Hint Yarımadasında Emperyalizm
1400’lerin sonundan başlayarak Portekiz ve Hollandalıların Goa, Diu, Daman ve Bombay gibi kıyı kentlerinde koloniler kurmasının ardından 1600’lerde İngilizler ve özellikle Britanya Doğu Hindistan Şirketi (British East India Company) tüm boyutlarıyla emperyalist sömürüyü başlattı. Hindistan’da egemenlik konusunda Avrupalı güçler açısından Britanya yalnızca Fransa ile çatıştı. Bu çatışma da Britanya’nın zaferi ile sona erdi (1763).

Bu büyük yarımadada Babür İmparatorluğu (Mughul – Gurkani) güçlü bir merkezi otorite oluşturamamıştı. Yerel güçler küçük Hindu ve Müslüman prenslikler biçiminde örgütlenmiş ve toplum geleneksel kast sistemi yanında Hindularla Müslümanlar arasındaki dinsel çatışmalarla bölünmüştü.  17. Yüzyıl sonlarında Hindu Maratha Konfederasyonu, Babür İmparatorluğu ile çatışmış ve Hint yarımadasının kuzeyinde fiili bir egemenlik sağlamıştı. Yarımadanın güneyinde ise Müslüman Maisur Sultanlığı en büyük güçtü.  İngilizlerin etki alanı Bengal bölgesinde Ganj vadisi boyunca yarımadanın içlerine doğru ilerlese de yarımadanın diğer yerlerinde Bombay, Madras, gibi kıyı kolonileriyle sınırlıydı. Böylece Babür İmparatorluğunun egemenliği hemen – hemen kâğıt üzerinde kalıyordu. Eski Delhi – Shahjahanabad’da oturan imparatora küçük bir vergi veren birçok yerel yönetim oluşmuştu.

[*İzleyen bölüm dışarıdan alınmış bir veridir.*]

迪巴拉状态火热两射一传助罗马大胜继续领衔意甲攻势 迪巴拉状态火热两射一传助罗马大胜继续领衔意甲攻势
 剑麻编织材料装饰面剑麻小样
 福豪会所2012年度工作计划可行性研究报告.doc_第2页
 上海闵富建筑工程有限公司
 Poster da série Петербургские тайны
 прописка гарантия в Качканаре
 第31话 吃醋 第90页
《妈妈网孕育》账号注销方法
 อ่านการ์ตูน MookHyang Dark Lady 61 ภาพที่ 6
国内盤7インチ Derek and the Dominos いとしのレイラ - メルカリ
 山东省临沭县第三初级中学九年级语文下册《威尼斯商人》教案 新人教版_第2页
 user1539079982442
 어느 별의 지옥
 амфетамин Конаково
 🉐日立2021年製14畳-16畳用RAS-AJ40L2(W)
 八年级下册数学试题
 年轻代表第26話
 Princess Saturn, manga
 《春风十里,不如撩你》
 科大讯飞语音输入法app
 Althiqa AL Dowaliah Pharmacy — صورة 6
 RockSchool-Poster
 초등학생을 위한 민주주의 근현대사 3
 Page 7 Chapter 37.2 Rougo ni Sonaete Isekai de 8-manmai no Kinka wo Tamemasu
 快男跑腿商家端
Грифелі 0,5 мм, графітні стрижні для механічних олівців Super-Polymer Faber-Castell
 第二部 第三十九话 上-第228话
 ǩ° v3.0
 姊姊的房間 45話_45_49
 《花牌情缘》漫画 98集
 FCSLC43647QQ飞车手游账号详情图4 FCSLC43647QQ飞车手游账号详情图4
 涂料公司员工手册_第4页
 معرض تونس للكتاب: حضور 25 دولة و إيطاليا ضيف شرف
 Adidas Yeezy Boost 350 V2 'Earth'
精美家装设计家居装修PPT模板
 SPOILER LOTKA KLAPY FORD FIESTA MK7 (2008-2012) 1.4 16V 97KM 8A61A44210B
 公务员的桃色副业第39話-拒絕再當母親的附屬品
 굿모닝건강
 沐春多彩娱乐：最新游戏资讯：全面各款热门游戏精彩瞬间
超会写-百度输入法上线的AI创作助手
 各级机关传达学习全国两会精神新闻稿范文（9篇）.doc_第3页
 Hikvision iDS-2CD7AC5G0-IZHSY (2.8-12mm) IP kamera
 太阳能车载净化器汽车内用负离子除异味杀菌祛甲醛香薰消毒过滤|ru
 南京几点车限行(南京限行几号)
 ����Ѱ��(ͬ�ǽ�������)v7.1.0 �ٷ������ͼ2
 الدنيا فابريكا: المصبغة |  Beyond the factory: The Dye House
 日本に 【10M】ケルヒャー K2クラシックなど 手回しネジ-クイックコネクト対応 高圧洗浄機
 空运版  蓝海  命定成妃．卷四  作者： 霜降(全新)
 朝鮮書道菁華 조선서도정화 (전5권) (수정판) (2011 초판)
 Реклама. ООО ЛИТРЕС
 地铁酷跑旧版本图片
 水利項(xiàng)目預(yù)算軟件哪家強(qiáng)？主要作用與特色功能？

18. Yüzyılın son yılları, 19. Yüzyılın ilk yılları Hindistan için çok önemli yıllar oldu. Yarımadanın yerlilerinin bu parçalanmış yapısına karşılık Büyük Britanya’nın arkasında Londra hükümeti, büyük bir ticaret ve finans gücü vardı. Bu yapı İngilizlerin tam bir “böl ve yönet” politikası uygulaması için ortam sağladı. Birçok prens İngilizlerle uzlaştı. Uzlaşmayan yerel yönetimlerde ayaklanmalar örgütlendi. Örneğin Mir Jafar, Britanya Doğu Hindistan Şirketinin desteği ile bağımsız Bengal yönetimine karşı ayaklanmayı örgütledi ve Siraj ud-Daulah’ı yenerek Bengal ve ardından yarımadanın tüm güneyinin İngiliz egemenliğine geçmesini sağladı (1757). Aşağıdaki resim Şirketin Bengal’de askeri ve politik egemenliğini kuran General Robert Clive’ın Mir Jafar’ı Bengal Nevvabı (Nawab) olarak atamasını gösteriyor.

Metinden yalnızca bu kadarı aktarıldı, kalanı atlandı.